Sieben Monate ohne den direkten Vergleich mit der Konkurrenz – ist das nicht eine lange Durststrecke für die Athleten? „Nein, gar nicht“, meint Betty Heidler lachend. „Ehrlich gesagt mag ich diese Monate sogar ganz gerne. Im Sommer sind wir so viel unterwegs, von einem Wettkampf zum nächsten.“ Das strengt an. In Herbst und Winter kehren Alltag und Routine zurück.
Eintracht ohne Frankfurter
Betty Heidler kam 2001 aus Berlin nach Frankfurt zu Michael Deyhle. Im selben Jahr verschlug es Andrea Bunjes aus Ostfriesland nach Hessen, 2003 folgte die Westerwälderin Kathrin Klaas. Gabi Wolfahrt, zurzeit verletzte Sechste der U20-WM, stieß im Vorjahr aus Niedernhall dazu. Der letzte Neuzugang: Mareike Nannen, Deutsche Jugend-Vizemeisterin, die wie Andrea Bunjes beim SV Holtland das Hammerwerfen erlernte.

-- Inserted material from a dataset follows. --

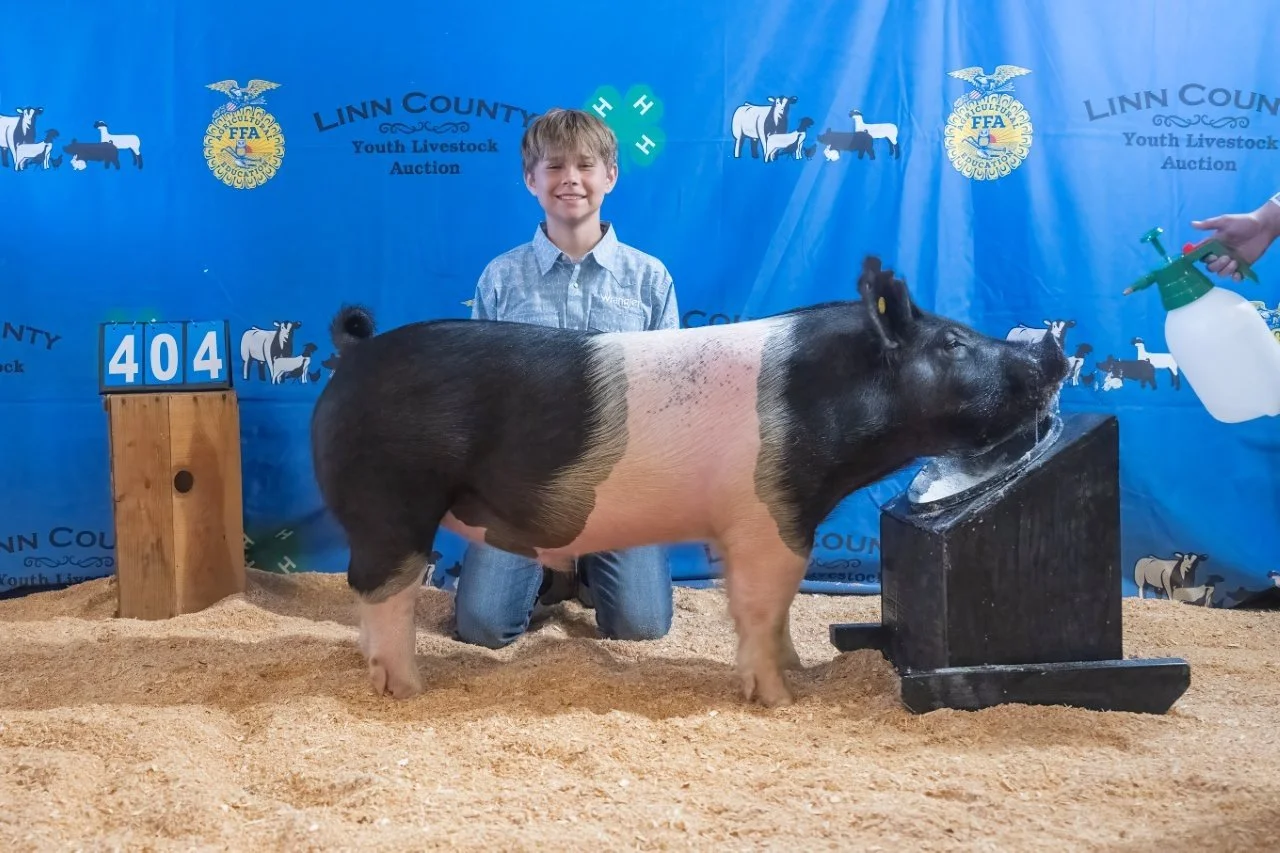 Swine 404 (1 of 1).jpg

Stammt tatsächlich niemand aus der Gruppe ursprünglich aus der hessischen Großstadt? Kathrin Klaas überlegt kurz. Dann: „Nein, keine von uns – nur der Trainer.“ Seit nunmehr 30 Jahren betreut Michael Deyhle die Frankfurter Hammerwerfer. Und seit „20 oder 25 Jahren“ hat er das Amt des Bundes- bzw. Disziplintrainers inne. „So genau weiß ich das gar nicht“, sagt er. „Das ist mir auch egal.“
Konzept überzeugt
Einen Athleten von einem anderen Verein abwerben musste er noch nie: „Sie kommen hierher, weil ihnen das Konzept gefällt. Manchmal stellen wir dann natürlich fest, dass jemand doch nicht so gut in die Gruppe passt. Aber im Vorfeld zurückgewiesen habe ich einen Werfer auch noch nie.“
Als es Betty Heidler vor rund acht Jahren in ihrer alten Trainingsgruppe nicht mehr gefiel, kam sie selbst auf Michael Deyhle zu. „Sein Training kannte ich schon aus gemeinsamen Einheiten, und es gefiel mir sehr gut“, berichtet die freigestellte Bundespolizistin und Jurastudentin. Im Herzen werde sie immer Berlinerin bleiben, versichert sie mit leuchtenden Augen. Aber für den Sport wechselte sie in der zwölften Klasse die Schule und den Wohnort.
Weibliche Dominanz
Damals trainierten in Frankfurt neben der zweifachen Deutschen Meisterin Susanne Keil auch der 80-Meter-Werfer Holger Klose und Karsten Kobs, Weltmeister 1999 von Sevilla (Spanien). Heute haben die Damen nur im Sommer männliche Begleitung. Dann stößt der WM-Fünfte Sergej Litvinov, der im Winter von seinem Vater in Weißrussland betreut wird, zur Trainingsgruppe dazu.
„Das ist ein grundsätzliches Problem im deutschen Hammerwurf, nicht nur in Frankfurt: Es fehlt der männliche Nachwuchs“, bedauert Michael Deyhle. An der vorhandenen Betreuung kann es nicht liegen, das stellten die deutschen Werferinnen bei den Weltmeisterschaften in Berlin eindrucksvoll unter Beweis: Drei Starterinnen, ein deutscher Rekord und die Plätze zwei und vier lautete hier die Bilanz. Bis bei den Männern wieder ähnliche Erfolge einkehren, wird man wohl noch ein wenig warten müssen.